#### PROBLEM TO WORK ON
Reproduce precisely the lines of the listing below, starting with the line that contains "Traueranzeige für Irène Kirsch-Ney" and stopping after the line that contains "NEXTORCH Professtional Medical"; include nothing else.

DATA FOR ANALYSIS below:

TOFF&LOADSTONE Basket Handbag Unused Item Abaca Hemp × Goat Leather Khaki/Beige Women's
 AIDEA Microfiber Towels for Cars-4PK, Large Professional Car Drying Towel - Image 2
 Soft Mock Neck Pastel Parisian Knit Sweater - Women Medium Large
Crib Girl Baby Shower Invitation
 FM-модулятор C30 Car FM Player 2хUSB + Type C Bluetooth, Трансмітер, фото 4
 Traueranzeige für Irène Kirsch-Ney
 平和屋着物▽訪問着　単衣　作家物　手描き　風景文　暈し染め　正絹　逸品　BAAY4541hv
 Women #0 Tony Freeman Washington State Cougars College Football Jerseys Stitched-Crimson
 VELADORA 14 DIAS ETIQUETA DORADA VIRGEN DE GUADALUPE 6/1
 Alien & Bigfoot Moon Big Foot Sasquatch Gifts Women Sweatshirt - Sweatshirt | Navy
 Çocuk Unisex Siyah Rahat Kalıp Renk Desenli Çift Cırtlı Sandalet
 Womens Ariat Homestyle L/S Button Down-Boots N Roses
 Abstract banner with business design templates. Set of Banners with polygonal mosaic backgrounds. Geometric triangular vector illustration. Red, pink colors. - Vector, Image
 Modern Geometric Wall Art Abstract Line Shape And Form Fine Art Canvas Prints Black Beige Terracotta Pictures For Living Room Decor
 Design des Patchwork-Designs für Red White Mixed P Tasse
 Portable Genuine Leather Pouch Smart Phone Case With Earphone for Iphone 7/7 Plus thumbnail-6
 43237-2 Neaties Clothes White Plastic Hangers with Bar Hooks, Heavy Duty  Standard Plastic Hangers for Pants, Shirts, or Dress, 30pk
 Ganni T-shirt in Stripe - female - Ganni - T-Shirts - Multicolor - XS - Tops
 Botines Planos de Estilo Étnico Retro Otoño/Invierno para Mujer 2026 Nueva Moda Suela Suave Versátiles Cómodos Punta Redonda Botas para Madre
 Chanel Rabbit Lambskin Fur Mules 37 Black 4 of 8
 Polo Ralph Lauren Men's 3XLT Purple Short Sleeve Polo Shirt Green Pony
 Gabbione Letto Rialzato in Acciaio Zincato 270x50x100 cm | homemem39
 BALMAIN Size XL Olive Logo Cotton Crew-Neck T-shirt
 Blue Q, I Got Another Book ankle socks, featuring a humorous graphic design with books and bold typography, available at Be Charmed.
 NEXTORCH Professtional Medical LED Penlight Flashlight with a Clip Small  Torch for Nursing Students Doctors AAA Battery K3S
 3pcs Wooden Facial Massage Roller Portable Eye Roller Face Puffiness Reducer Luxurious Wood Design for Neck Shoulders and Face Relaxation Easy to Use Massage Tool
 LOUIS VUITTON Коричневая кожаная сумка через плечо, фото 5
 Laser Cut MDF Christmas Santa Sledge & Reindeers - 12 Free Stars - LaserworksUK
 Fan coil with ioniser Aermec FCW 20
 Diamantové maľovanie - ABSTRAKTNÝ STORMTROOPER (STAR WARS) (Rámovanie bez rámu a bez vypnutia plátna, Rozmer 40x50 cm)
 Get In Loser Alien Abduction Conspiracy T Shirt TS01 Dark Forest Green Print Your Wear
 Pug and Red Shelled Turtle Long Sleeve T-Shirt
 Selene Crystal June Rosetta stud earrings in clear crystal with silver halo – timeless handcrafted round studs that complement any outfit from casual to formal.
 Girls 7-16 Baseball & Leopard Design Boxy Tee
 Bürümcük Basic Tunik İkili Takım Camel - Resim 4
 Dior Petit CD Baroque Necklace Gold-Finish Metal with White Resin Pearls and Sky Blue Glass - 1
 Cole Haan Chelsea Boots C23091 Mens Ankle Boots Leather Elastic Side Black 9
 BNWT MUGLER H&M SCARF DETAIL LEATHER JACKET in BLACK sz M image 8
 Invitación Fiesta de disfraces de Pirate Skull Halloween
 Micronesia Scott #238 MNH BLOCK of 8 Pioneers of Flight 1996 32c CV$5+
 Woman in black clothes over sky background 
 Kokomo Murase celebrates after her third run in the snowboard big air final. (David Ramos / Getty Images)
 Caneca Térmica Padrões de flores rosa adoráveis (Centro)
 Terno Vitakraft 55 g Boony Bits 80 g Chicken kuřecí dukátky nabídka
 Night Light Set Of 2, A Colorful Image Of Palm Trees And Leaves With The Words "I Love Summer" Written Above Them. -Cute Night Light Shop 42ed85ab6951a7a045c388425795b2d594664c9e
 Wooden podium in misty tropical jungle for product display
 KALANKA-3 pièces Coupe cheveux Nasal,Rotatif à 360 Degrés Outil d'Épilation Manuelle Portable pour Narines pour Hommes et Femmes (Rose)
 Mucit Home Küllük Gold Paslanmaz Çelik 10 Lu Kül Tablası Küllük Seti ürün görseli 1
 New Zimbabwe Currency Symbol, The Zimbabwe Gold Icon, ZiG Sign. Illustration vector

End of DATA FOR ANALYSIS.

#### ANSWER SPACE
 Traueranzeige für Irène Kirsch-Ney
 平和屋着物▽訪問着　単衣　作家物　手描き　風景文　暈し染め　正絹　逸品　BAAY4541hv
 Women #0 Tony Freeman Washington State Cougars College Football Jerseys Stitched-Crimson
 VELADORA 14 DIAS ETIQUETA DORADA VIRGEN DE GUADALUPE 6/1
 Alien & Bigfoot Moon Big Foot Sasquatch Gifts Women Sweatshirt - Sweatshirt | Navy
 Çocuk Unisex Siyah Rahat Kalıp Renk Desenli Çift Cırtlı Sandalet
 Womens Ariat Homestyle L/S Button Down-Boots N Roses
 Abstract banner with business design templates. Set of Banners with polygonal mosaic backgrounds. Geometric triangular vector illustration. Red, pink colors. - Vector, Image
 Modern Geometric Wall Art Abstract Line Shape And Form Fine Art Canvas Prints Black Beige Terracotta Pictures For Living Room Decor
 Design des Patchwork-Designs für Red White Mixed P Tasse
 Portable Genuine Leather Pouch Smart Phone Case With Earphone for Iphone 7/7 Plus thumbnail-6
 43237-2 Neaties Clothes White Plastic Hangers with Bar Hooks, Heavy Duty  Standard Plastic Hangers for Pants, Shirts, or Dress, 30pk
 Ganni T-shirt in Stripe - female - Ganni - T-Shirts - Multicolor - XS - Tops
 Botines Planos de Estilo Étnico Retro Otoño/Invierno para Mujer 2026 Nueva Moda Suela Suave Versátiles Cómodos Punta Redonda Botas para Madre
 Chanel Rabbit Lambskin Fur Mules 37 Black 4 of 8
 Polo Ralph Lauren Men's 3XLT Purple Short Sleeve Polo Shirt Green Pony
 Gabbione Letto Rialzato in Acciaio Zincato 270x50x100 cm | homemem39
 BALMAIN Size XL Olive Logo Cotton Crew-Neck T-shirt
 Blue Q, I Got Another Book ankle socks, featuring a humorous graphic design with books and bold typography, available at Be Charmed.
 NEXTORCH Professtional Medical LED Penlight Flashlight with a Clip Small  Torch for Nursing Students Doctors AAA Battery K3S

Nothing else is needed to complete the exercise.